Trechos de vídeos divulgados por Felipe em que ele aparece com o nariz machucado, na sequência algemado e segurado por dois policiais civis e na terceira imagem a população gravando e contestando a abordagem | Fotos: Reprodução/Instagram

Nas filmagens, um dos homens tenta levar Felipe, que está algemado pelo braço, chega a tropeçar nele e os dois caem no chão. Moradores e familiares do jovem passam a perguntar sobre os pertences e a abordagem. Um deles grita “cadê o mandado?” e outro “cadê a droga?” quando Felipe diz que estava sendo ameaçado de ser forjado.

Felipe afirma que em nenhum momento os policiais pediram seu documento ou apresentaram algum mandado de busca. Também não teriam se identificado como policiais.

Com a população em cima, o empresário disse que em seguida os policiais levaram ele para um canto e tiraram a algema. “Ele só falou assim ‘não, já era, a gente te soltou aqui, é só apagar a filmagem’. Eu falei ‘não, não vou apagar a filmagem não, vocês iam me jogar dentro do carro, não sei o que vocês iam fazer comigo, sem puxar meu documento, sem nada’.”

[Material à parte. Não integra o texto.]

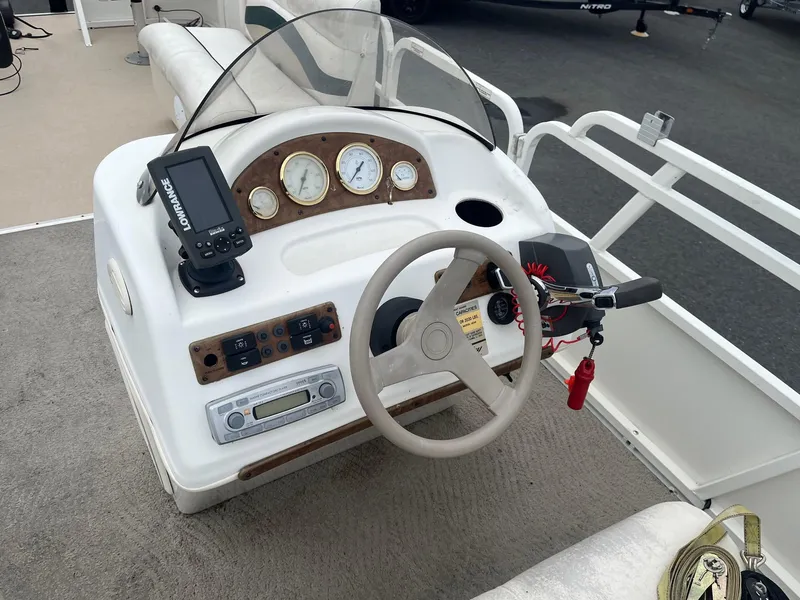 Slide: The Image of 2009 Bentley Pontoons 244 4-point helm with steering wheel, gauges, and navigation system. - 6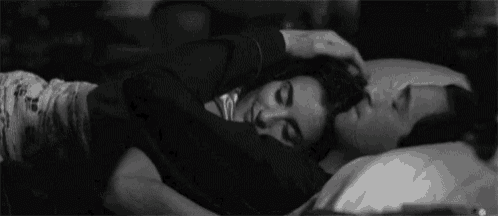 a black and white photo of a man and woman hugging each other while sleeping on a bed .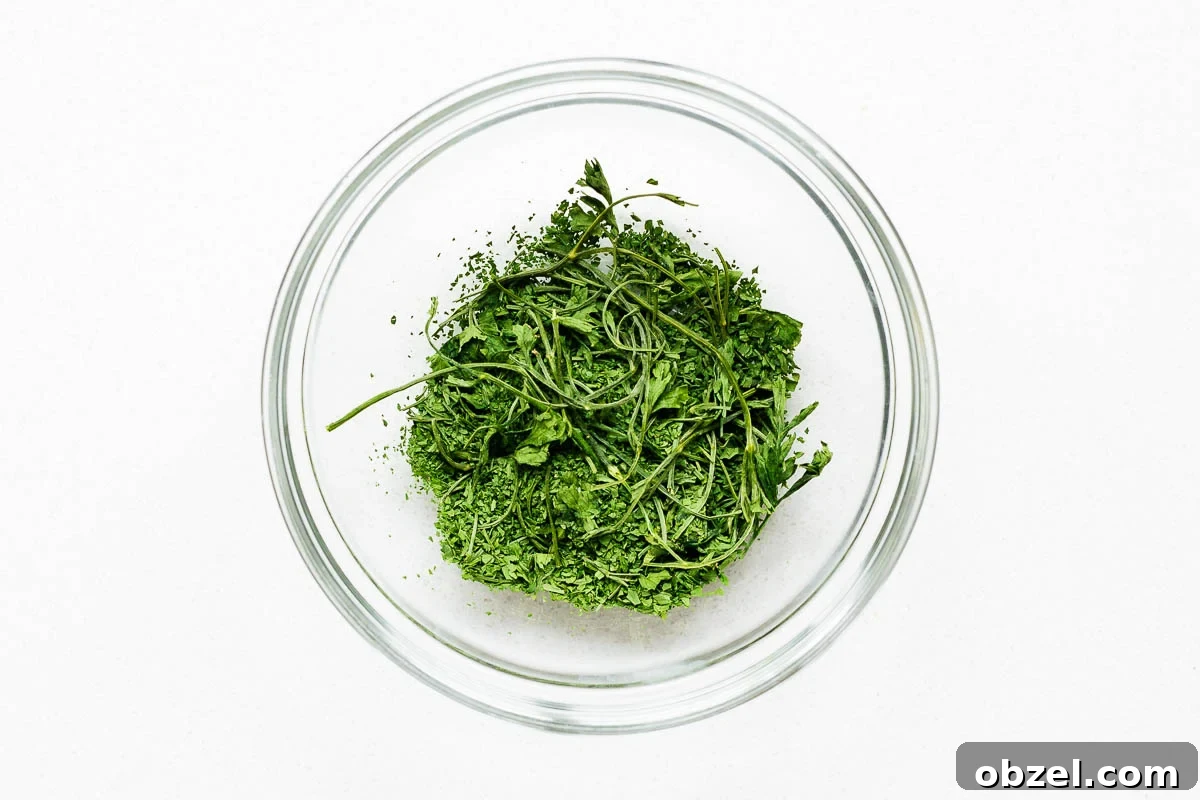 How to Dry Parsley in the Oven for Crisp, Flavorful Herbs 7 Roughly crumbled oven dried parsley with stems in a glass bowl.
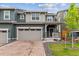 Inviting two-story home with a charming front porch, brick driveway, and attached two-car garage at 645 Flintwood Pl, Lafayette, CO 80026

Dali, foi liberado e os familiares conseguiram anotar a placa do veículo, que não estaria caracterizado como viatura. Esses policiais também teriam dito que trabalhavam em Taboão da Serra, cidade vizinha, para onde Felipe seria levado, mas não deram detalhes sobre a motivação de toda a abordagem. A delegacia do município, porém, não abarca Cotia.

https://ponte.org/o-que-pode-e-o-que-nao-pode-em-uma-abordagem-policial/

Felipe registrou um boletim de ocorrência no 93º DP (Jaguaré) no dia seguinte, e, nesta quarta-feira (27/12) disse que formalizaria a denúncia também na Ouvidoria das Polícias. À Ponte, o ouvidor Claudio Silva disse que acionou a Corregedoria da Polícia Civil.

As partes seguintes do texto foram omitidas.